Saquinavir is a selective HIV protease inhibitor with limited systemic bioavailability (4% for the hard gelatin capsule (Invirase®), and about 12% for the soft gelatin capsule (Fortovase®) [1]) as a result of extensive phase I metabolism by CYP3A in the gut and liver. Moreover, saquinavir bioavailability is characterized by substantial interindividual variability [2], a feature which is common to other CYP3A substrates [3] and which could only be partly explained by drug interactions with inducers and/or inhibitors of CYP3A4 or by disease [4–6]. Unlike other CYP enzymes (e.g. CYP2D6, CYP2C19), there is no evidence for a CYP3A4 null allele. However, polymorphically expressed CYP3A5 might account for some of the pharmacokinetic variability seen with CYP3A substrates [7], because many of them are also substrates of CYP3A5 as well as CYP3A4 [8]. If expressed, CYP3A5 is present mainly in the gut and contributes to only a minor extent to hepatic drug metabolism [9]. Hence, CYP3A5 might be expected to modulate the bioavailability and metabolism of its substrates, whereas systemic clearance would not be affected to any extent. This hypothesis is supported by the recent finding of a significantly higher oral clearance (CL/F) of the protease inhibitor indinavir in patients expressing CYP3A5 [10], which may be due to a larger systemic clearance (CL), a decreased bioavailability (F) or by a combination of both.
During the course of two different drug interaction studies we have characterized the plasma and urine pharmacokinetics of saquinavir and the urine pharmacokinetics of its hydroxylated metabolites after administration of Invirase® to 7 [5] and Fortovase® to 12 healthy individuals, respectively [6]. The concentrations of parent compound and metabolites were determined by LC/MS/MS [11] and because of their identical mass, the concentrations of the two hydroxy metabolites are reported as the sum of M2 and M3. The ratios of the area of saquinavir to M2 and M3 were calculated assuming identical MS responses and recovery based on the close structural similarities of parent compound and metabolites [12]. Both studies were approved by the Ethics Committee of the Medical Faculty of Heidelberg and all participants gave written informed consent, including consent for the analysis of genetic variants of drug metabolizing enzymes. To evaluate the potential role of CYP3A5 in saquinavir pharmacokinetics, we determined a newly described CYP3A5 polymorphism (A6986G in intron 3 of the CYP3A5 gene, CYP3A5*3 allele), which is associated with the production of an inoperable truncated protein [13]. Genotyping was performed by direct sequencing of purified PCR products (20 ng) containing the polymorphic region using the dideoxy chain termination method (DYEnamic ET Kit, Amersham Biosciences, Freiburg, Germany) on a MegaBACE500 sequencer (Amersham Biosciences, Freiburg, Germany).
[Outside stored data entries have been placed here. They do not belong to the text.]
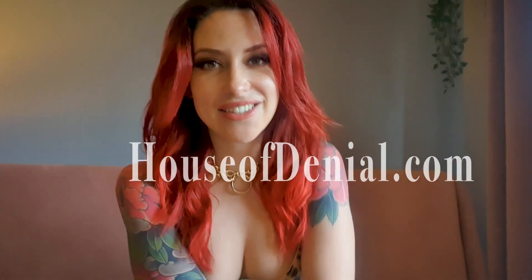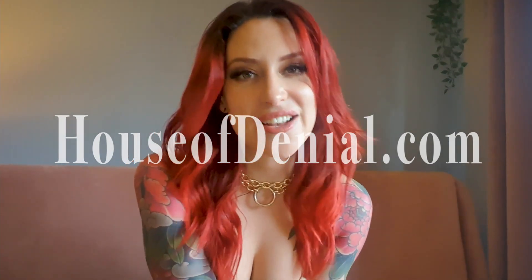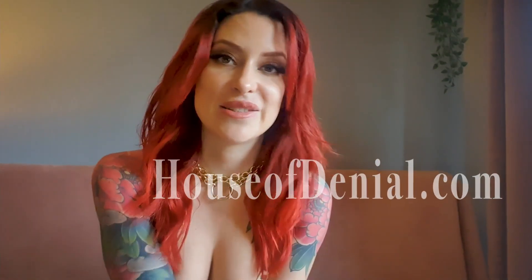So you are curious about chastity and you want to get a cage. There are plenty of sex shops that will sell them, but there are even more shops online. My personal favourite is House of Denial — it is where I buy all my cages for my submissives. The most important thing is to do your research and find out what kind of cage is best for you.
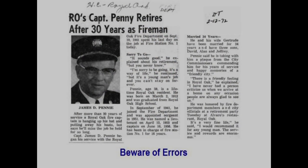Here's an example relating to the speaker's father. An article headlined 'Royal Oak's Captain Penny retires after 30 years as fireman' (1972) spells his name wrong — Penny like the coin instead of Penney like JCPenney. The photo caption gives the name as 'James D. Pennie' — spelled differently again, and also wrong: he wasn't James, he was George. There are other errors in the text as well. You have to be careful about your sources and check one against another.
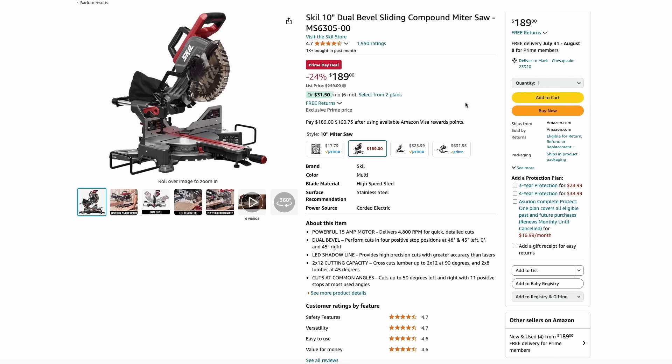Going back to Skill Tools, they have their 10-inch dual bevel sliding compound miter saw for 25% off at $190. This is a really great saw at a great price — it's sliding, so you're getting a fully-featured miter saw.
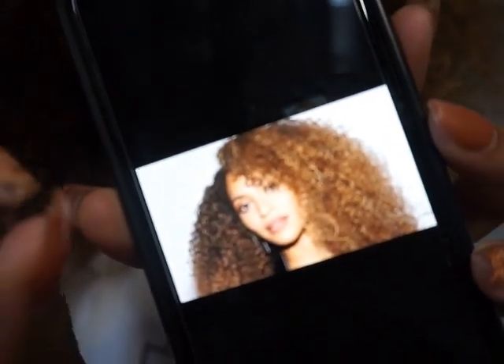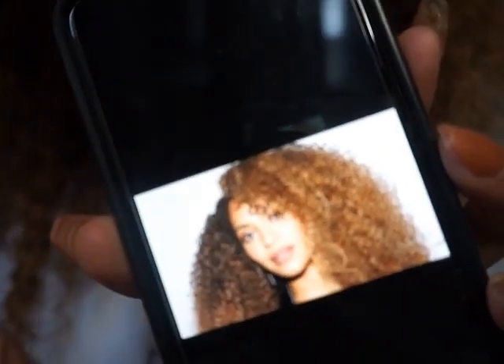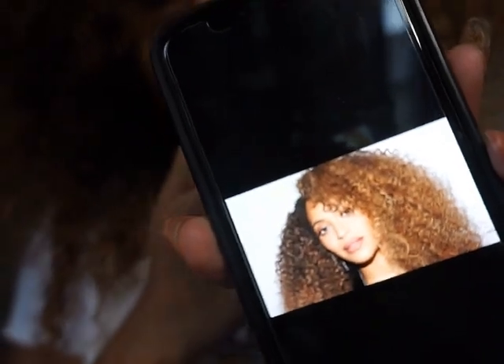Maybe squint your eyes just a little bit, close the left one, and turn the lights off. Me and Beyoncé are practically twins, maybe. But I cannot see — I'm legally blind.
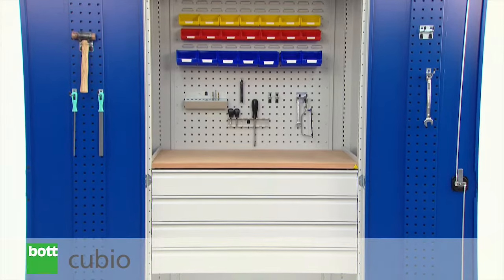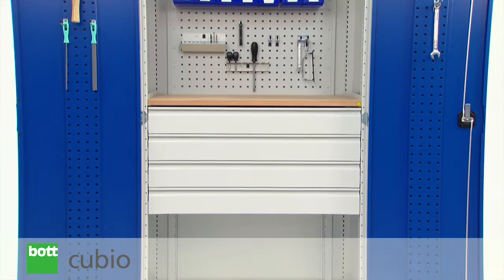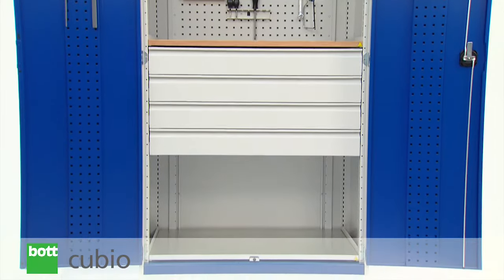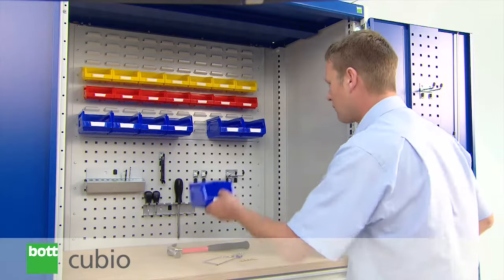The intelligent design of Botcubio cupboards features a robust reinforced steel housing. This is supported by comprehensive internal fittings to create a professional and productive workspace.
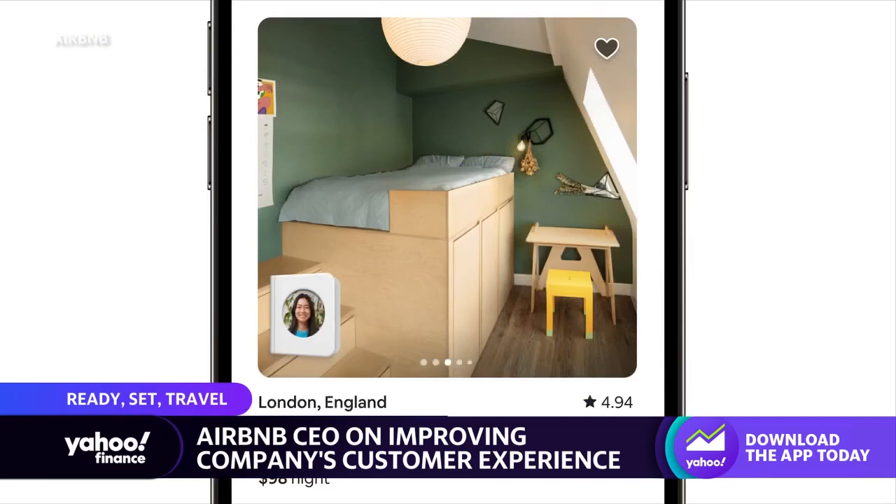Let me follow up on that point, because as you've highlighted, a number of your summer releases really point to that cost savings element. To what extent are you seeing travelers on Airbnb trading down their experiences in this environment? We are absolutely seeing a lot more interest in more affordable rooms and homes on Airbnb. Our average daily rate, our price per night, is pretty constant with a year ago — so I wouldn't say it's going down, but it's not going up anymore.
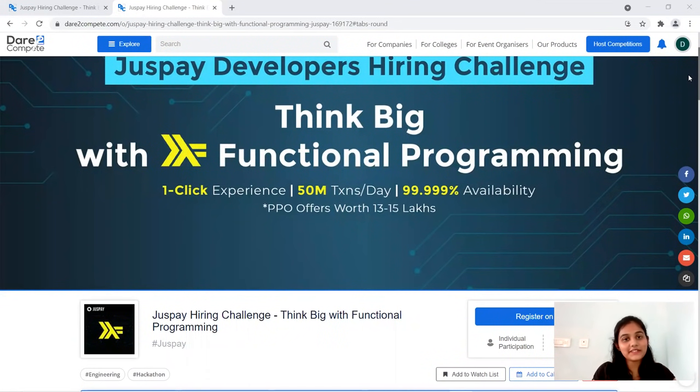Hi, hello everyone, welcome back to Online Study For You, complete placement solution. Today we have an opening in JustPay and they're hiring developers through a hiring challenge. The package available is 13 to 50 lakhs per annum, and during the training period you will be getting 40K stipend.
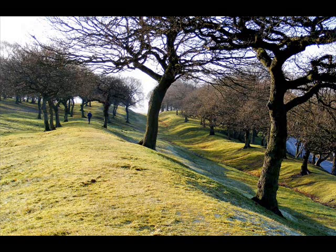Constructed between 140 and 142 AD, it was built of turf alongside a 12-foot ditch and was 10 feet high and 14 feet wide, defended by 29 forts. However, less than 40 years later, the wall was breached by the northern tribes and the Romans retreated to Hadrian's Wall.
Fourteen participants were homozygote carriers of the CYP3A5*3 allele (lacking functional CYP3A5), and five participants (four given Invirase®) were heterozygous for the CYP3A5*1 allele (expressing functional CYP3A5). There was no correlation between the CYP3A5*3 polymorphism and the plasma pharmacokinetics (tmax, Cmax, AUC, t1/2,z) of saquinavir, but we found a statistically significant (P = 0.01, Mann–Whitney U-test) association with the 24 h urinary metabolic ratio of saquinavir to its hydroxy metabolites M2 and M3 (Figure 1). The mean (95% CI) metabolic ratio in individuals with active CYP3A5 was 41.6 (19.4, 63.8) and 96.5 (76.1, 117) in individuals deficient of functional CYP3A5.
Our findings indicate that saquinavir is substantially metabolized by CYP3A5 in humans expressing a functional enzyme, but that other enzymes are also involved. In accordance with its preferential expression in the gut, the absence of CYP3A5 had no significant influence on the elimination half-life of saquinavir. Because bioavailability differences between Invirase® and Fortovase® are substantial, and only one individual expressed CYP3A5 in the Fortovase® group, these data lack the power to assess the influence of the polymorphism on bioavailability. To this end a larger population should be investigated and should include sufficient numbers of subjects who do and do not express CYP3A5.
Acknowledgments
This work was supported by grant 01EC9902 from the German Ministry for Education and Research (BMBF).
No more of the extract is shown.